Re: [UndoManager] Re-introduce DOMTransaction interface?

On Wed, Jul 4, 2012 at 10:00 PM, Adam Barth <w3c@adambarth.com> wrote:
> On Wed, Jul 4, 2012 at 5:25 PM, Olli Pettay <Olli.Pettay@helsinki.fi> wrote:
>> On 07/05/2012 03:11 AM, Ryosuke Niwa wrote:
>>>
>>> On Wed, Jul 4, 2012 at 5:00 PM, Olli Pettay <Olli.Pettay@helsinki.fi
>>> <mailto:Olli.Pettay@helsinki.fi>> wrote:
>>>
>>>     On 07/05/2012 01:38 AM, Ryosuke Niwa wrote:
>>>
>>>         Hi all,
>>>
>>>         Sukolsak has been implementing the Undo Manager API in WebKit but
>>> the fact undoManager.transact() takes a pure JS object with callback
>>>         functions is
>>>         making it very challenging.  The problem is that this object needs
>>> to be kept alive by either JS reference or DOM but doesn't have a backing
>>> C++
>>>         object.  Also, as far as we've looked, there are no other
>>> specification that uses the same mechanism.
>>>
>>>
>>>     I don't understand what is difficult.

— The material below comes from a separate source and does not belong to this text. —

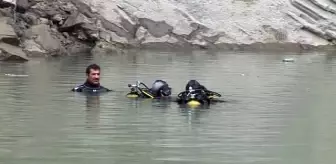 Çoruh Nehri'ne Düşen İşçiyi Arama Çalışmaları Sürüyor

>>>     How is that any different to
>>>     target.addEventListener("foo", { handleEvent: function() {}})
>>>
>>>
>>> It will be very similar to that except this object is going to have 3
>>> callbacks instead of one.
>>>
>>> The problem is that the event listener is a very special object in WebKit
>>> for which we have a lot of custom binding code. We don't want to implement a
>>> similar behavior for the DOM transaction because it's very error prone.
>>
>>
>> So, it is very much implementation detail.

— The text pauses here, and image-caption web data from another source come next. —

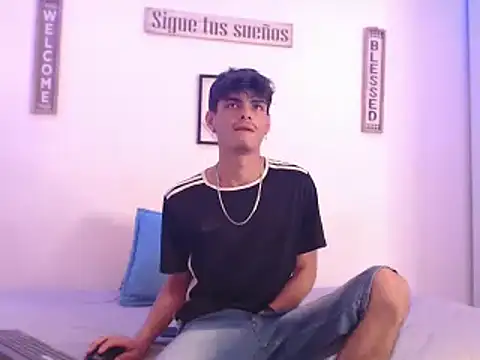 Snapshot of harrytomson_1 chatting on 12/30/24, 08:54 harrytomson 1 online show from 12/30/24, 08:54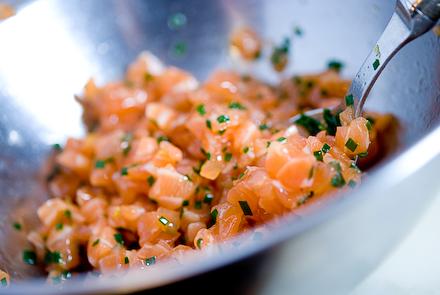 Tartare di salmone e porri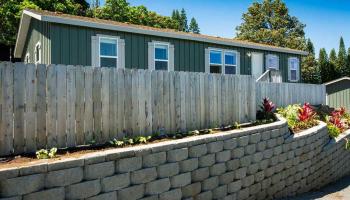 583  Laie Dr Pono Puu Condominium, Makawao/Olinda/Haliimaile home - photo 2 of 17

>> (And I still don't understand how a callback can be so hard in this case.
>> There are plenty of different kinds of callback objects.
>>  new MutationObserver(some_callback_function_object) )
>
> I haven't tested, by my reading of the MutationObserver implementation
> in WebKit is that it leaks.  Specifically:
>
> MutationObserver --retains--> MutationCallback --retains-->
> some_callback_function_object --retains--> MutationObserver
>
> I don't see any code that breaks this cycle.
>
> DOM events have a bunch of delicate code to avoid break these
> reference cycles and avoid leaks.  We can re-invent that wheel here,
> but it's going to be buggy and leaky.
>
> I appreciatie that these jQuery-style APIs are fashionable at the
> moment, but API fashions come and go.  If we use this approach, we'll
> need to maintain this buggy, leaky code forever.  Instead, we can save
> ourselves a lot of pain by just using events, like the rest of the web
> platform.

Again, this sounds like a webkit specific shortcoming. It's inevitable
that there will be cycles between "platform objects" and JS objects.

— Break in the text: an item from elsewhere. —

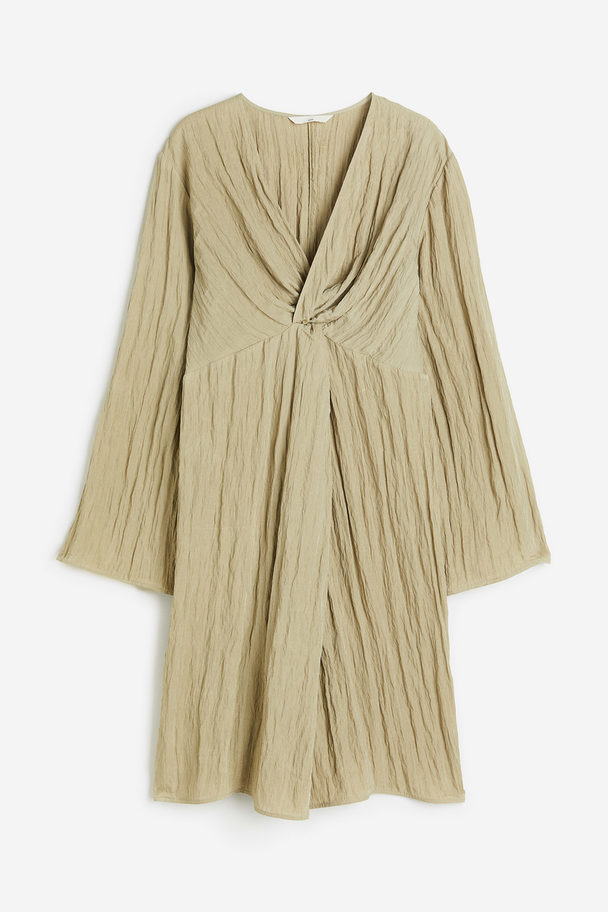 H&M MAMA Kleid aus Crinklestoff Helles Khakigrün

The way to collect these cycles is to use the same logic as in normal
JS objects. I.e. detect when a group of objects have no incoming
references and then collect them. I.e. use mark-and-sweep or similar
logic.

I think it would be a severe limitation in the types of APIs that we
can create if we say that cycles between platform objects and JS
objects can only be allowed if the cycle is through event handlers. It
also seems like a very arbitrary limitation. It would effectively mean
that we can't have any interface which uses callbacks other than using
event handlers, unless those callbacks are known to always fire and
always fire exactly once.

I certainly agree that fixing this is no easy matter. It's something
that we have worked on a lot in Gecko and continue to work on. But I
don't see how we can build a platform based on a garbage collected
language like javascript without it.